Karachi: The Karachi Tax Bar Association (KTBA) has urged the government to eliminate the tax levied on surplus funds held by Non-Profit Organizations (NPOs) in the forthcoming Federal Budget for the fiscal year 2025–26. The association submitted its official budget proposals to the Federal Board of Revenue (FBR), emphasizing the critical role of charitable and welfare institutions in serving the public and the need for government support.
The Issue: Taxing NPO Savings
At the heart of the KTBA’s proposal is Section 100C of the Income Tax Ordinance, 2001, which pertains to the taxation framework for NPOs. The association specifically highlighted Sub-section (5) of this section, which mandates a 10% tax on the surplus funds retained by an NPO at the conclusion of a financial year.

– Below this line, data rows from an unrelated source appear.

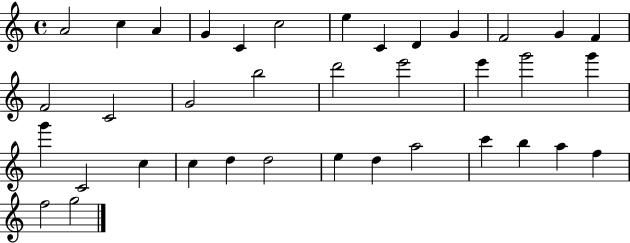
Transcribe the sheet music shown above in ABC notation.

X:1
T:Untitled
M:4/4
L:1/4
K:C
A2 c A G C c2 e C D G F2 G F F2 C2 G2 b2 d'2 e'2 e' g'2 g' g' C2 c c d d2 e d a2 c' b a f f2 g2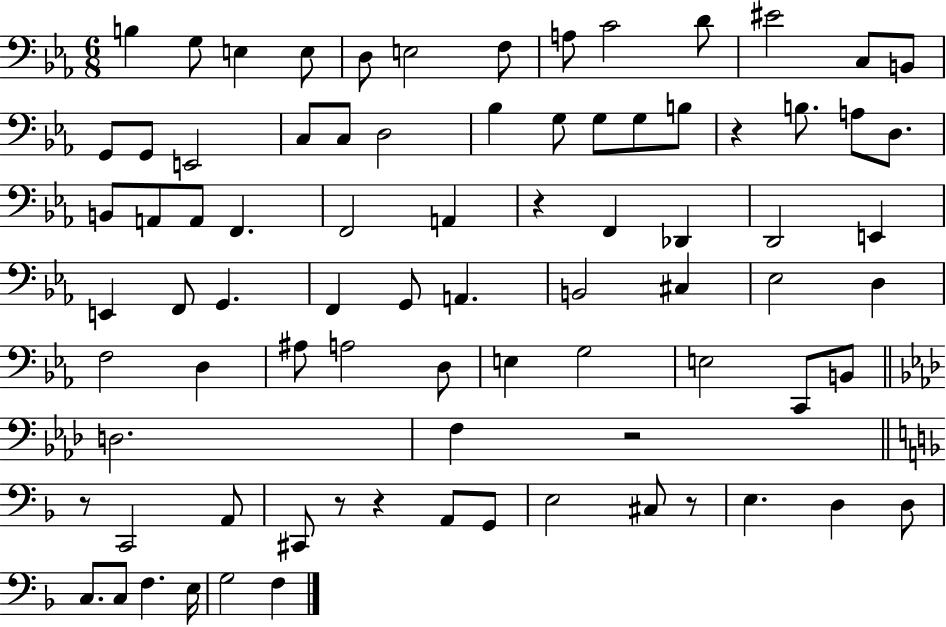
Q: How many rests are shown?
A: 7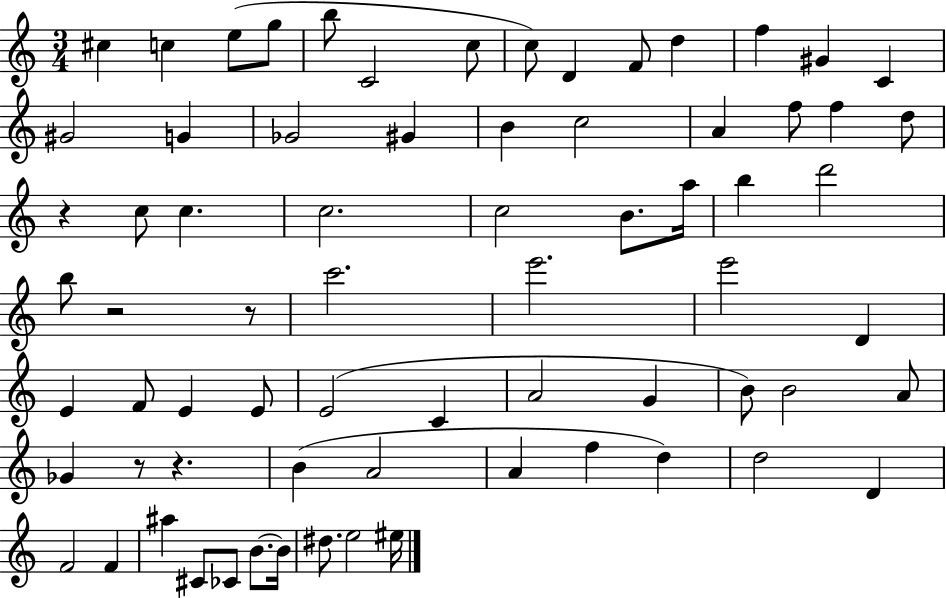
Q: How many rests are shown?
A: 5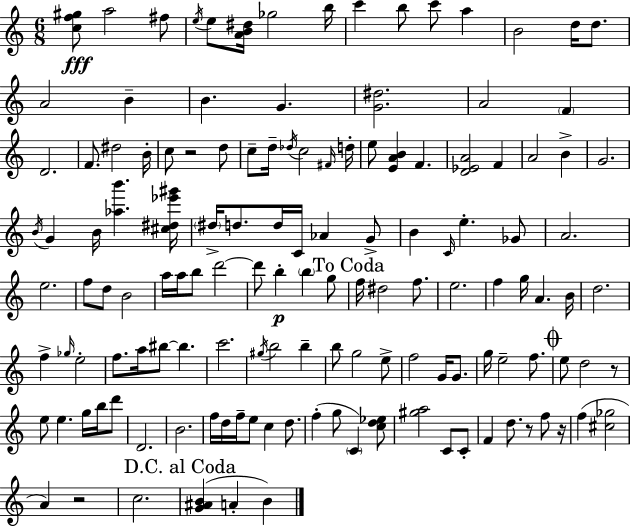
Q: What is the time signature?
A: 6/8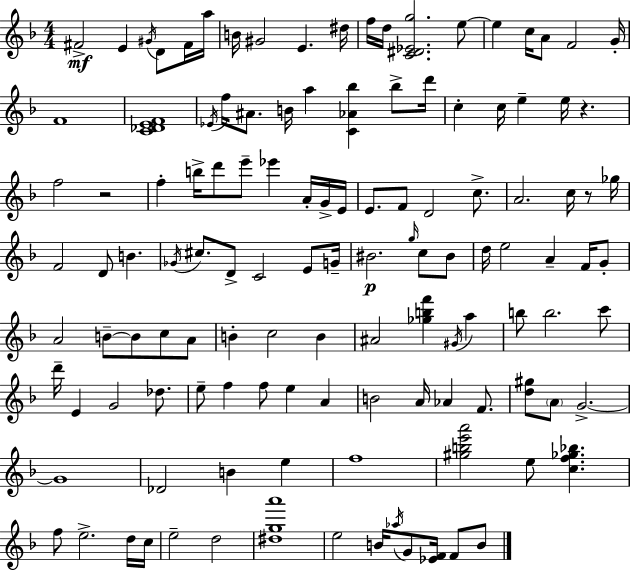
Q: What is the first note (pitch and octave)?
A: F#4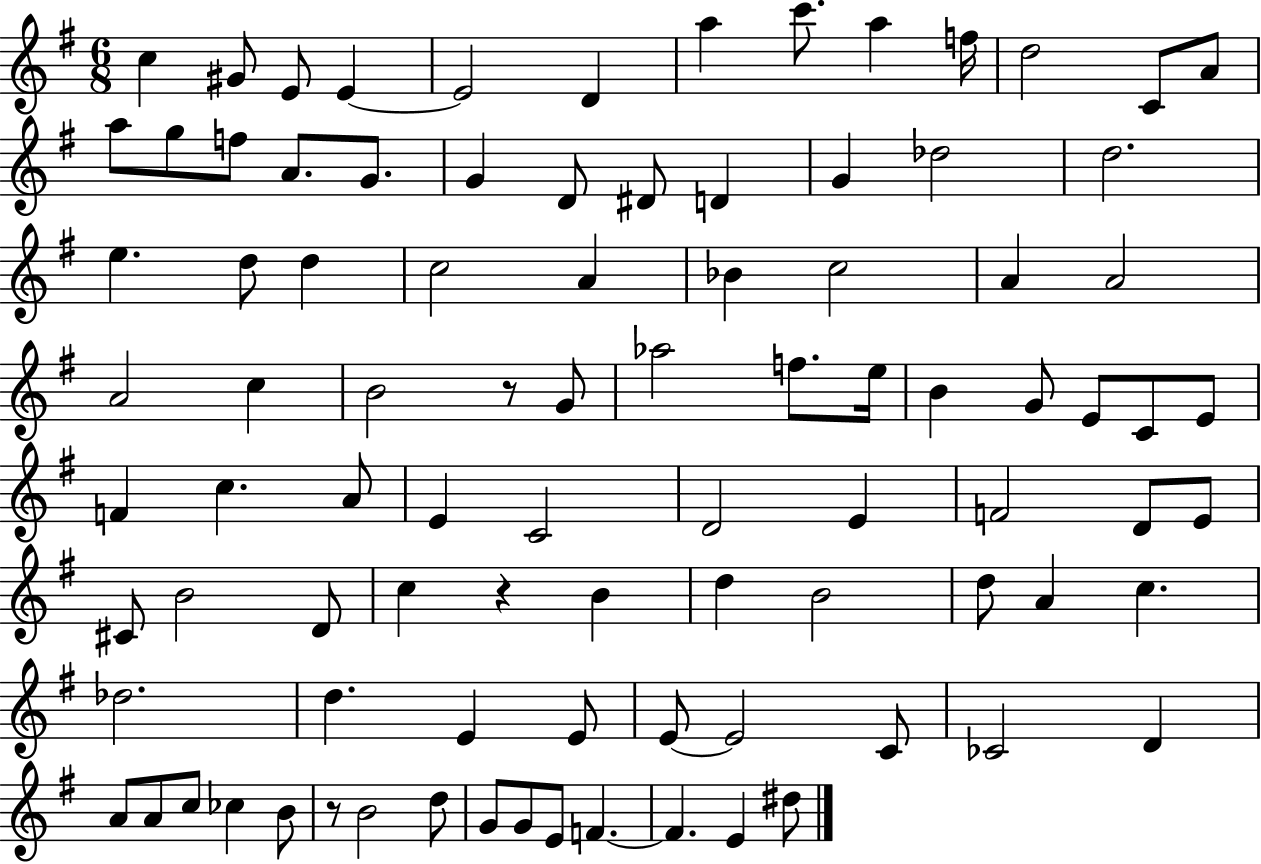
X:1
T:Untitled
M:6/8
L:1/4
K:G
c ^G/2 E/2 E E2 D a c'/2 a f/4 d2 C/2 A/2 a/2 g/2 f/2 A/2 G/2 G D/2 ^D/2 D G _d2 d2 e d/2 d c2 A _B c2 A A2 A2 c B2 z/2 G/2 _a2 f/2 e/4 B G/2 E/2 C/2 E/2 F c A/2 E C2 D2 E F2 D/2 E/2 ^C/2 B2 D/2 c z B d B2 d/2 A c _d2 d E E/2 E/2 E2 C/2 _C2 D A/2 A/2 c/2 _c B/2 z/2 B2 d/2 G/2 G/2 E/2 F F E ^d/2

The KTBA argues that this particular tax provision imposes significant financial pressure on NPOs. Many of these organizations are responsible for operating vital public services, including hospitals, schools, and various other welfare projects. Such institutions often need to accumulate funds over several years to finance substantial capital expenditures necessary for their operations, such as constructing buildings, developing infrastructure, or purchasing expensive medical and educational equipment. Long-term financial planning and saving are crucial for the sustainability and growth of these services.
Burden on Welfare Projects
A spokesperson for the KTBA stated, “NPOs must retain funds for ongoing and future welfare projects.” The association stressed that taxing these accumulated surplus amounts actively discourages saving and strategic long-term planning, potentially forcing NPOs to reduce the scope or quality of their service delivery to avoid the tax penalty.
The KTBA further pointed out that the existing Income Tax Ordinance does not contain any provisions that restrict NPOs from utilizing their retained surplus funds for welfare objectives in subsequent years. This absence of restriction, the association contends, makes the 10% tax under Sub-section (5) appear inconsistent with the overall policy objective of encouraging and facilitating charitable activities across the country.
KTBA’s Proposal for Abolition
To address this perceived inconsistency and financial burden, the KTBA has formally proposed the complete repeal of Sub-section (5) of Section 100C. They believe that removing this tax would allow NPOs to retain their surplus funds without penalty, thereby directly strengthening their financial health and enabling them to undertake essential long-term planning for future welfare initiatives.
By abolishing this tax, the KTBA suggests the government would send a clear and positive message of support to the multitude of NPOs working tirelessly throughout Pakistan, benefiting countless citizens through their vital public services. The proposal awaits consideration by the FBR during the budget finalization process.